To work for the reward of a good night's sleep, think about all the food and drinks you usually consume. Diet is a major factor that could lead to insomnia. If you aim to always enter dreamland easily and not have to deal with aggravating exhaustion during the morn, you must note down everything you eat. Figure out which of them affects how your body regulates and see if there is anything you can substitute it with. 

What You Need To Lay Off On: 

  • Coffee and other caffeinated beverages The drink is loaded with benefits. Coffee is packed with energy-giving ingredients that can empower the mind. If you have had a cup of it before, you would agree that it causes you to be more alert in situations and boosts your liveliness. This is both good and a bad thing because you tend to stay awake after a dose. It alters the state, giving it more energy than necessary and the effects would last for a long time even at night when you have expected them to have already worn off.

  • Sweet delights It's easy to not be able to get enough of sugary treats such chocolate bars, cake, ice cream, and pastries. However, you should impose a limit on how much of them you're going to have. It will surely be a delight to munch on as many as you like but because the sweets are brimming with sugar, you should really think about having a boundary. If you can, give them up. Not only will this take care of your problems with sleep, but it will also promote your overall health. 

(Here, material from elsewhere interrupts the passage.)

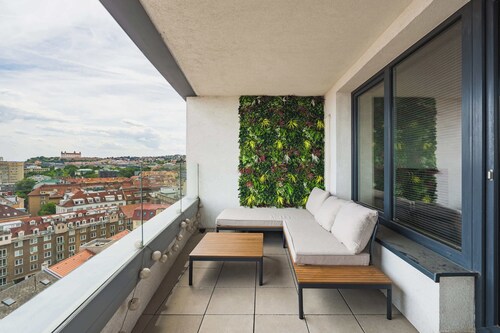 Design & Panoramic View - Central BA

  • Too much protein Eating too much meat is bad for your body. For a fix of protein, indulge in some but keep in mind that having excessive amounts is going to signal for trouble to come. The process of breaking down the meat into nutrients can be tiresome for the digestive system. Because of this, your body functions abnormally and would have delayed responses. When you want to rest, your stomach is at work and this means you won't be getting your way.

  • Too much salt For a fulfilling sleep, you need a low blood pressure level. Eating food with excessive bounties of sodium won't do you any good. Salted potato chips, seasoned, seasoned meat, and fast food are some examples of this type of edible. Sure, they're delicious but they're junk. All they do is satisfy your stomach for a bit and make you feel refreshed. As they do it though, they increase your blood pressure level, preventing you from getting a much-needed rest.

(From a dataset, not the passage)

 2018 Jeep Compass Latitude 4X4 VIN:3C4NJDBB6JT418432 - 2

  • Sugar substitutes Saccharine, Splenda, and Aspartame are some notable products that offer to be substituted for sugar. They allow you to taste sweetness like they are the real thing. With their objective of not supplementing your body with glucose, you would assume that they're great for you. Well, they're not and they actually cause more damage than good. What they lack, they make up for with chemicals that you're absolutely better off without. If you avoid them, you won't just be fighting off the sleeping problem, you'll also be doing your health a favor.

Exercise


You can attest to the fact that when you're exhausted, your body tends to invite you to doze off. A way to guard yourself against the ill effects of sleep deprivation is to exercise. Because running around the block, lifting weights, or dancing your heart out for close to an hour can wear out your muscles, you will be able to get a good night's sleep. It's important to keep a distance from stressors but it's also necessary to distinguish which ones are essential and could be beneficial to your health.

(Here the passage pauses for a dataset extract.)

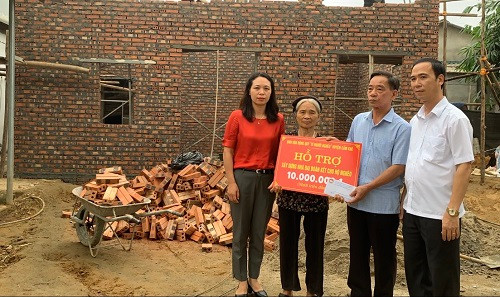 Ngành chức năng huyện Cẩm Khê (Phú Thọ) quan tâm hỗ trợ làm nhà Đại đoàn kết cho hộ nghèo. Ảnh: Hoàng Phương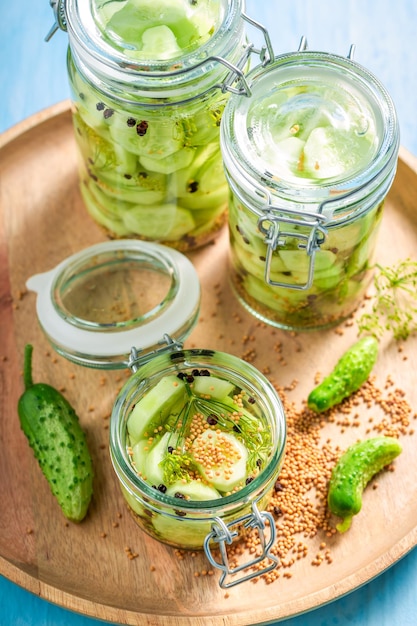 Concombre en conserve fait maison avec aneth et piment de la Jamaïque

Importance of Body Temperature


You won't be able to get an uninterrupted visit to dreamland if your body is protesting that it's uncomfortable. Heed to its call. If it's drenched in sweat or shivering in extreme coolness, you won't get to have your way too. For your mind to hand you its permission to rest, you must set the environment around you to be as relaxing as necessary. Make sure that it's neither too hot nor too cold for you.